Сертифицированное образование социально полезно еще в одном аспекте. Обладатель сертификата (диплома) получает статус, описываемый через понятие «социальный капитал». В этом аспекте оказывается возможным утилизировать даже самые, казалось бы, бесполезные знания. В некоторых конфигурациях общения особо ценным оказывается именно бесполезность демонстрируемого знания.
Существуют ли индикаторы для оценки эффективности нынешней школы (высшей школы) для поддержания данной функции образования? Боюсь, что таких индикаторов нет. Какая-то доля вариаций общей экономической эффективности расходов на образование приходится на адекватность-неадекватность сферы образования, взятых в этом аспекте. Можно, вероятно, судить об этой стороне эффективности школы по количеству людей, непригодных ни к какой коммуникации или (более узко) ни к какой работе (unemployable).
Надо полагать, что эконометристы такие индикаторы разработают, как только осознают их информативность. Но, пока их нет, наблюдателю приходится полагаться на интуицию. Интуитивно кажется, что нынешняя школа социальную полноценность индивидов худо-бедно обеспечивает, то есть среди ее выпускников не так уж много «асоциалов» – нонконформистов, аутсайдеров, девиантов и так далее.
Что же касается эффективности нынешней школы в поддержании авторитета образования, то тут картина совершенно хаотична. Дипломы и уважаются, и презираются одновременно. Как самими их обладателями, так и их контрагентами. Все наперебой говорят об бесполезности дипломов и при этом наперегонки их коллекционируют. Тут имеет место настоящий водоворот, где смешиваются течение и противотечение. Что, на мой взгляд, указывает на некоторую патологию общественного сознания.
Хуже всего школа, пожалуй, обеспечивает ролевую ориентацию индивидов, адекватную нуждам экономического развития.
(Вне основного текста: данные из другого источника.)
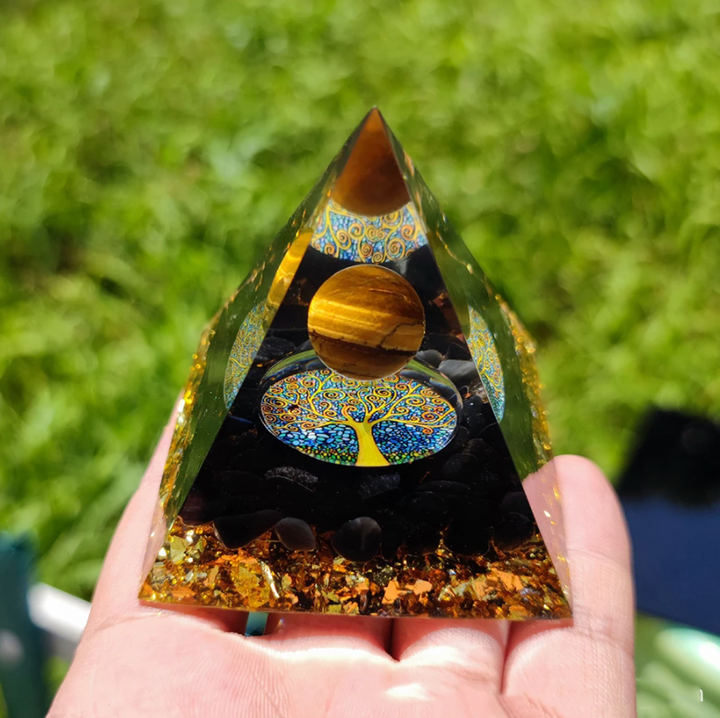 Crystal Ball Chakra Pyramid Gravel Epoxy Resin Pyramid Ornament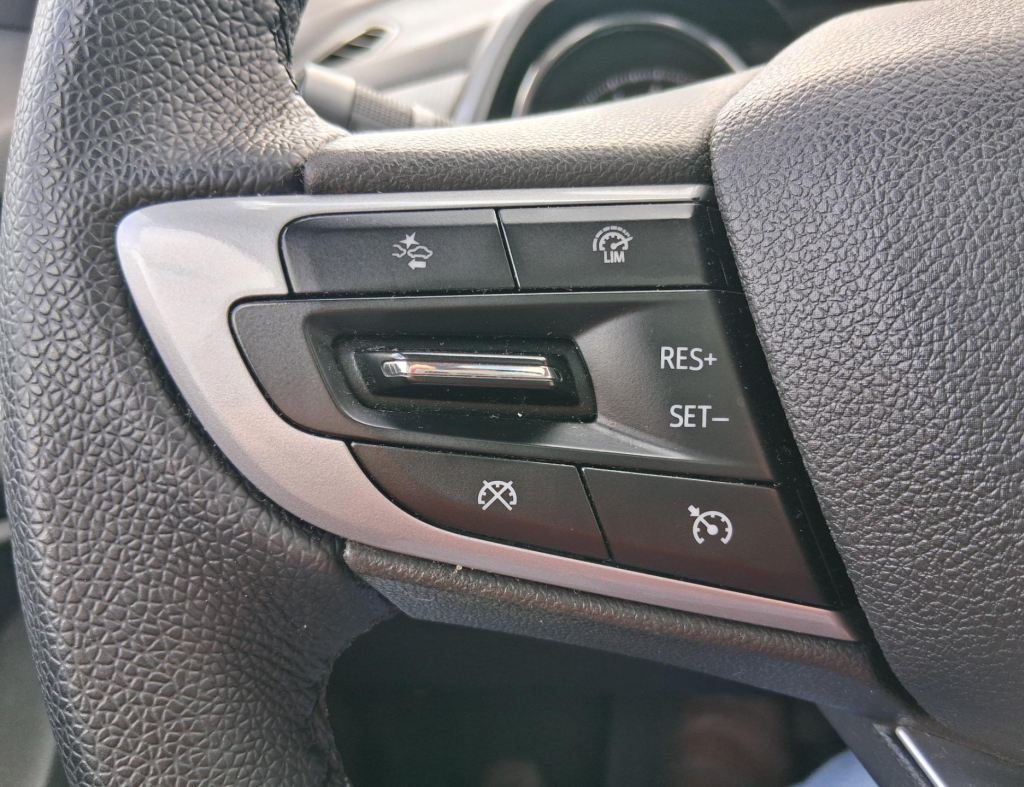 Chevrolet Tracker Premier 1.2 Turbo Automatica Flex 4 Portas Modelo 2022 imagem 23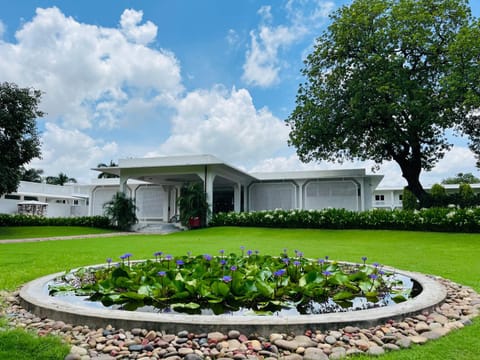 Garden, Garden view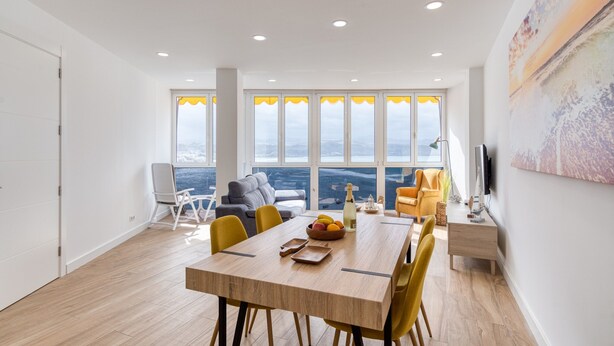 Dining - House in Las Palmas by Playa de Las Canteras (Las Palmas de Gran Canaria)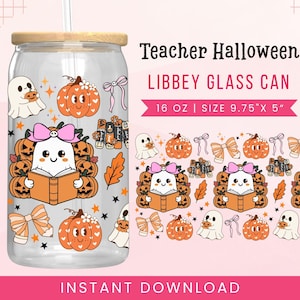 Puede incluir: Una lata de vidrio Libbey transparente con tapa de madera, decorada con ilustraciones de Halloween. El diseño incluye un fantasma leyendo un libro, calabazas, lazos y el texto "Teacher Halloween". La lata mide 24,77 cm x 12,7 cm y contiene 473 ml.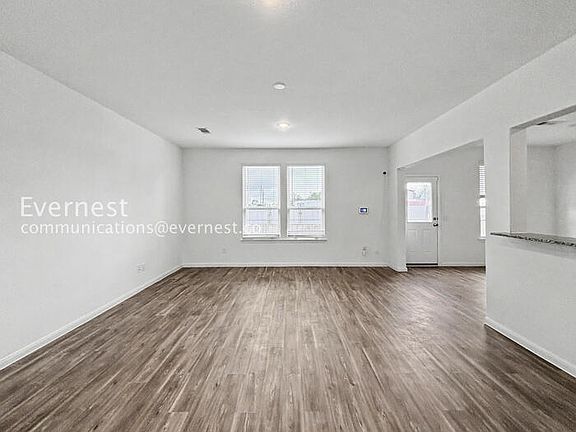 5th image of 7314 Madison Commons Ln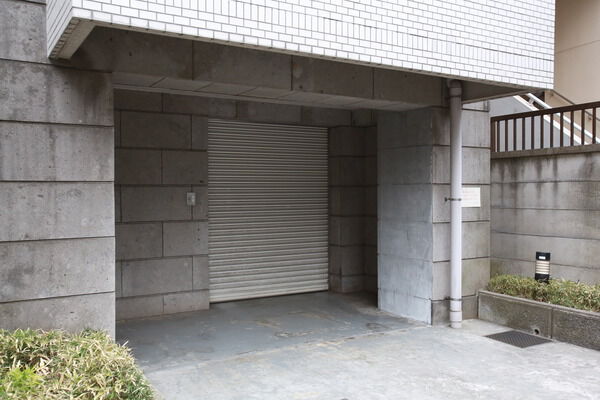 建物1階部分にあるシャッター付のガレージ。		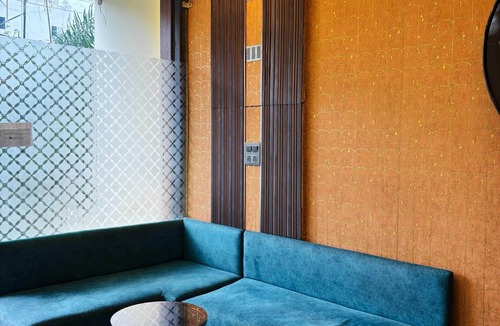 Indore Hotel | Hotel Saurabh Inn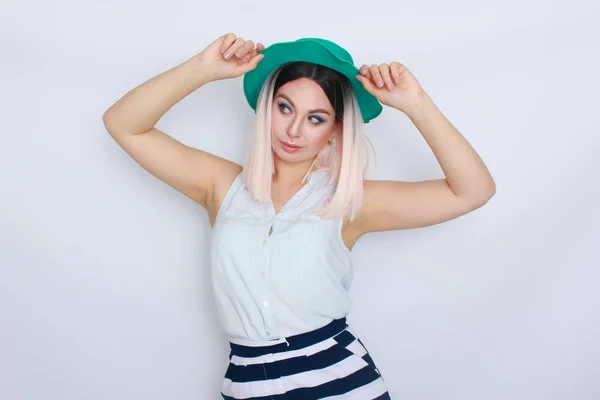 Hermosa mujer rubia en sombrero verde — Foto de Stock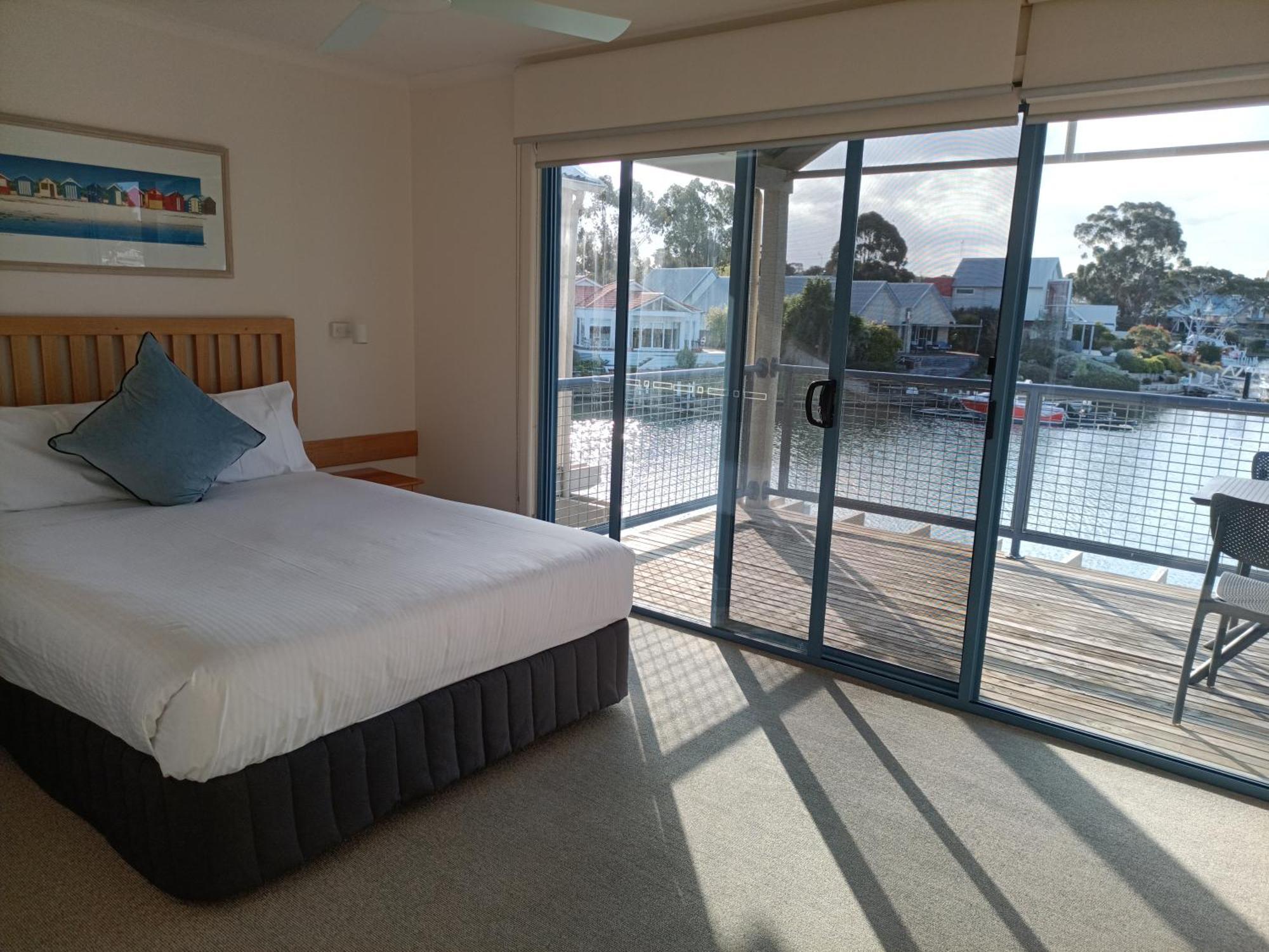 Captains Cove Resort - Waterfront Apartments Paynesville Esterno foto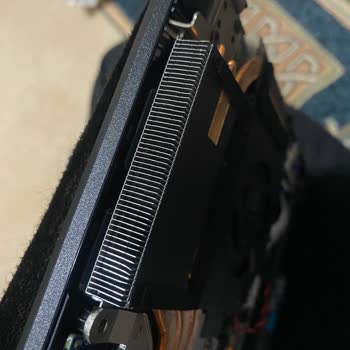 Monster Notebook PC Fanlarda Yamukluk Ve Kırık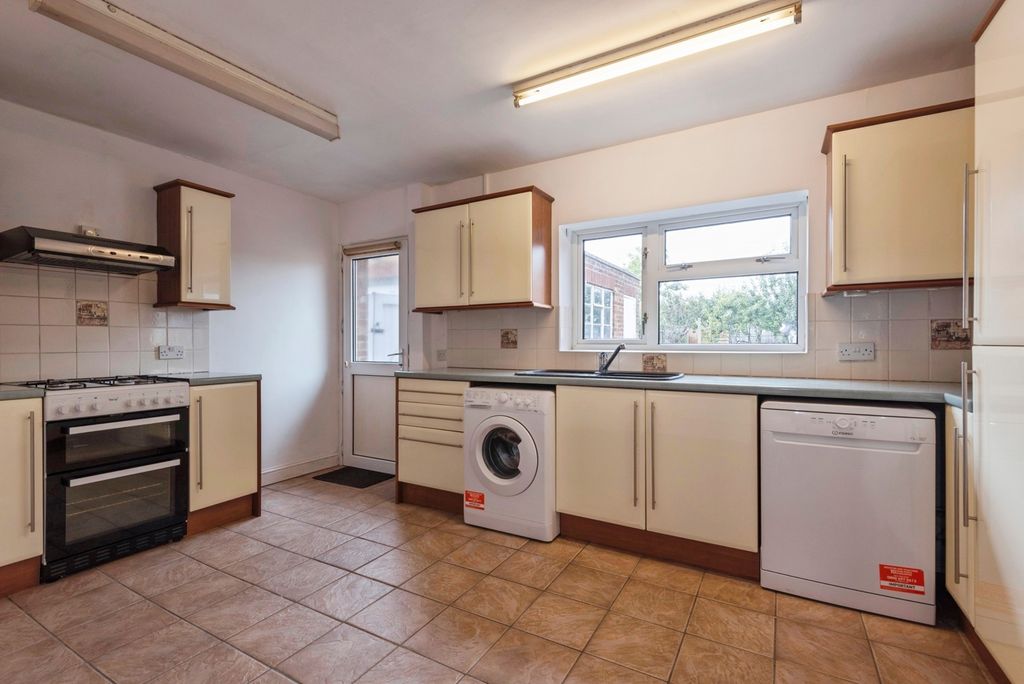 Property photo 3 of 10 Pbox-Img.Jpg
Об этом говорит, может быть, нарастающая нехватка квалифицированных работников в собственно производственной сфере – инженеров.
Но индивид должен располагать квалификацией не только как производитель, но и как потребитель. Потребительски-инструментальное знание особенно важно для расширенного воспроизводства (экономического роста) в условиях экономики потребления, характерном для «состоятельного общества», потому что потребитель продукта, необязательного для простого выживания, – ее главный агент. В потребительском обществе многие потребности, ранее латентные (подавленные бедностью), активируются, а некоторые и вообще «изобретаются». Чем сложнее цивилизация, тем «культурнее» индивид, тем богаче содержание его жизни, и тем шире и массивнее спрос, провоцирующий предложение. Повышенная образованность в этих условиях не роскошь, а средство выживания индивида, ориентирующегося на референтную группу, которая всегда располагается по меньшей мере одним этажом выше.
Эту функцию нынешняя сфера образования как будто бы поддерживает лучше всего. По той простой причине, что в нынешнем потребительском обществе необозримый «культурный фарш» может быть расфасован-упакован в любых комбинациях и огромная часть университетских программ из него и состоит.
Все это вполне тривиально. Воспитательная роль сферы образования, несомненно, фиксируется в общественном подсознании и не упоминается в разговоре, может быть, именно в силу своей самоочевидности. Но важность развития потребительских навыков («корзины удовольствий» индивида) не постулирована внятно потому, что этот смысл образования плохо осознан. Именно эти знания, между прочим, чаще всего и клеймятся как бесполезные в умственно-обывательском разговоре – что является вопиющим недоразумением. Но кажется, что эта сторона дела будет осознана без особых затруднений, как только кто-нибудь покажет на нее пальцем (что я сейчас и делаю).
Но это еще не все. До сих пор мы обсуждали возможности оценки эффективности школы в подготовке полноценного общественного индивида. Теперь мы переведем наше обсуждение в иной план – структурный. Дело в том, что сфера образования в ее нынешнем объеме и с ее нынешним содержательным наполнением поддерживает обширную зону общества, без которой последнее не могло бы воспроизводиться. Я назову ее пока зоной скрытой безработицы.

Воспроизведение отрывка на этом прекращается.